• EXERCISE INSTRUCTIONS: Line by line, the data below should be set down unchanged, with images excluded.

Captioned web images
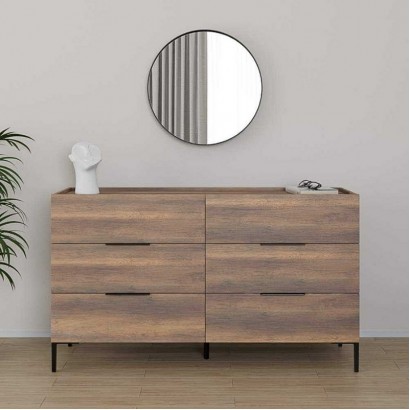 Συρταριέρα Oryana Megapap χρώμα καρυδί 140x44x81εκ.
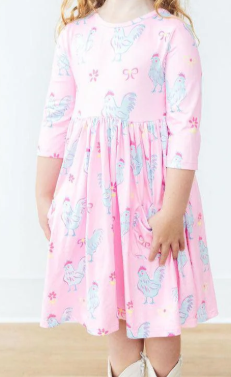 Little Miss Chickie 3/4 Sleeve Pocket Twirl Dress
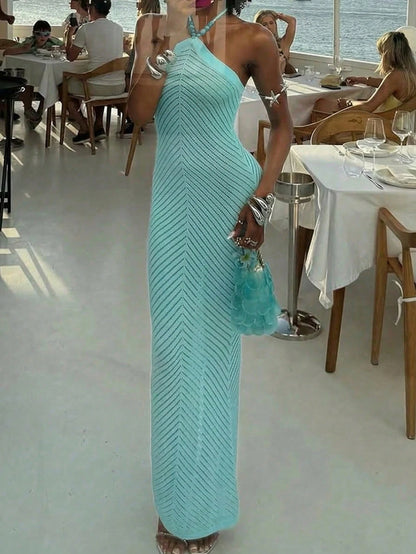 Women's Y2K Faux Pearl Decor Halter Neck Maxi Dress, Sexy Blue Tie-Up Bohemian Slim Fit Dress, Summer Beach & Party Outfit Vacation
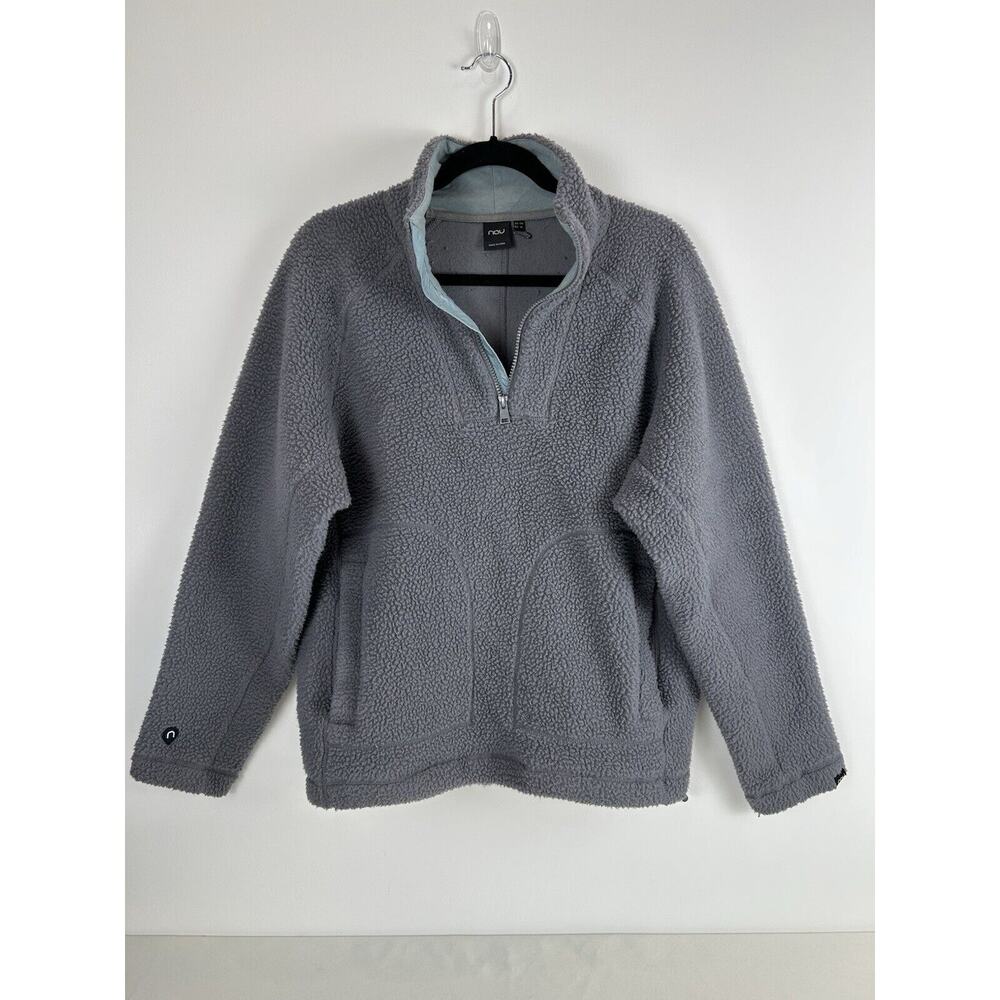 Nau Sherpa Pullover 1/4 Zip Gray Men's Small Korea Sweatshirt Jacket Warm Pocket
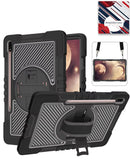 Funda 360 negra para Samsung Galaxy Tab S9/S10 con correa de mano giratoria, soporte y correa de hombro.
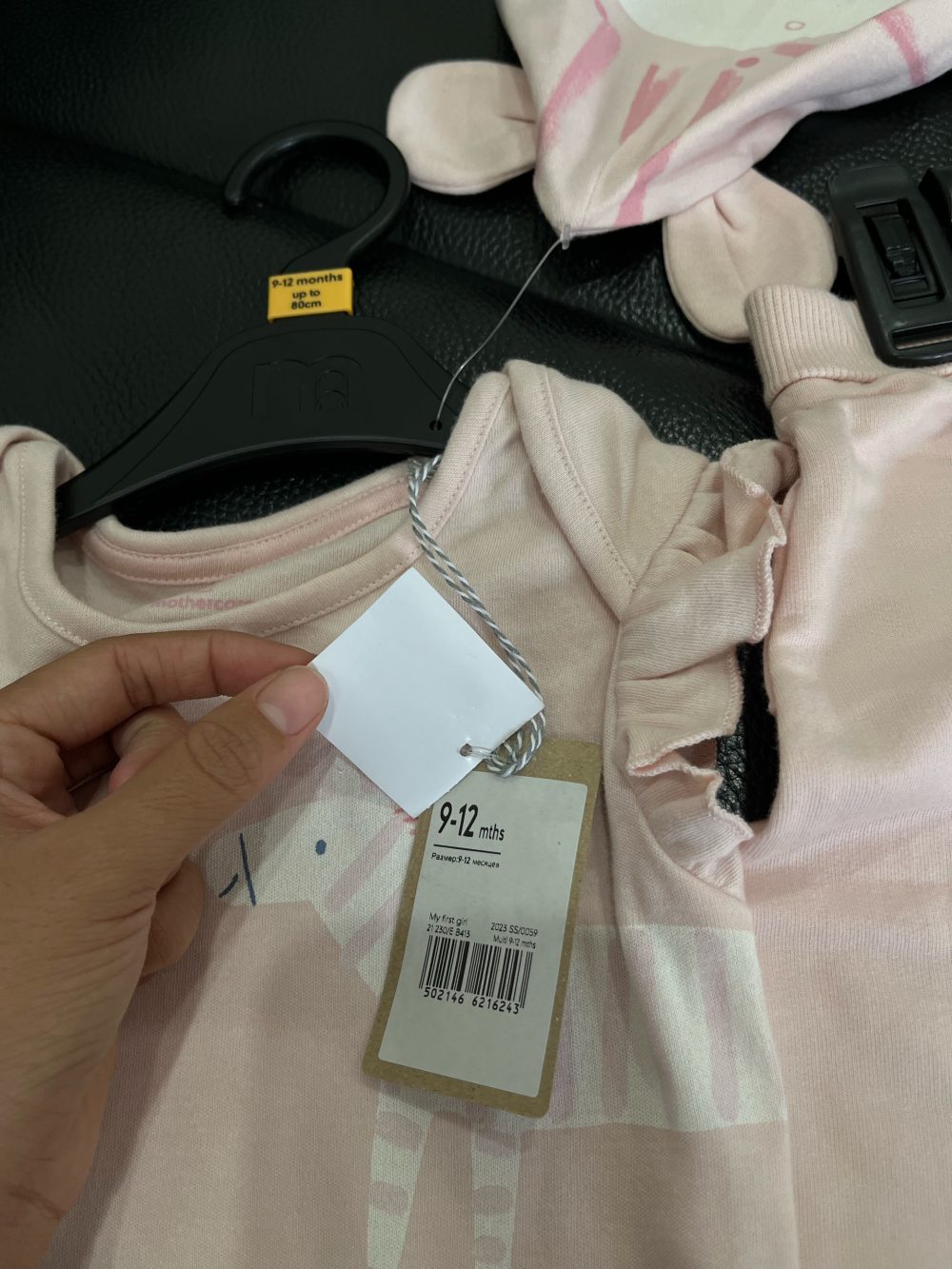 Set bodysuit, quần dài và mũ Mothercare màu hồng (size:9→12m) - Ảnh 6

• RESULT OF THIS EXERCISE:
 Συρταριέρα Oryana Megapap χρώμα καρυδί 140x44x81εκ.
 Little Miss Chickie 3/4 Sleeve Pocket Twirl Dress
 Women's Y2K Faux Pearl Decor Halter Neck Maxi Dress, Sexy Blue Tie-Up Bohemian Slim Fit Dress, Summer Beach & Party Outfit Vacation
 Nau Sherpa Pullover 1/4 Zip Gray Men's Small Korea Sweatshirt Jacket Warm Pocket
 Funda 360 negra para Samsung Galaxy Tab S9/S10 con correa de mano giratoria, soporte y correa de hombro.
 Set bodysuit, quần dài và mũ Mothercare màu hồng (size:9→12m) - Ảnh 6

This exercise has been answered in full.